6:30 p.m. (3:30 p.m.): “The Body Snatcher” (1945, Robert Wise). Boris Karloff, Bela Lugosi and Henry Daniell fight over corpses and medical experiments in this gripping adaptation of a Robert Louis Stevenson tale.

Thursday, Nov. 1

8 p.m. (5 p.m.): “The Big Heat” (1953, Fritz Lang).

9:45 p.m. (6:45 p.m.); “Bullitt” (1968, Peter Yates). One of the more stylish cop-movie thrillers. With Steve McQueen at his coolest, Jacqueline Bisset at her loveliest, Robert Vaughn at his slimiest – plus the car chase to end all car chases.

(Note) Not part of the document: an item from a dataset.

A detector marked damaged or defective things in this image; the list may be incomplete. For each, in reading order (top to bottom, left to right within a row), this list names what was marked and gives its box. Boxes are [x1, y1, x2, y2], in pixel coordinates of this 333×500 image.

11:45 p.m. (8:45 p.m.): “The Racket” (1951, John Cromwell, plus Nicholas Ray, Mel Ferrer and Tay Garnett, the last three uncredited). A battle of two Bobs, both film noir giants: good cop Robert Mitchum vs. gangster Robert Ryan, with Lizabeth Scott watching. From Howard Hughes’ RKO studio-head tenure, “The Racket” is a remake of Lewis Milestone’s 1928 mobster movie, based on Bartlett Cormack’s play, and also produced by Hughes.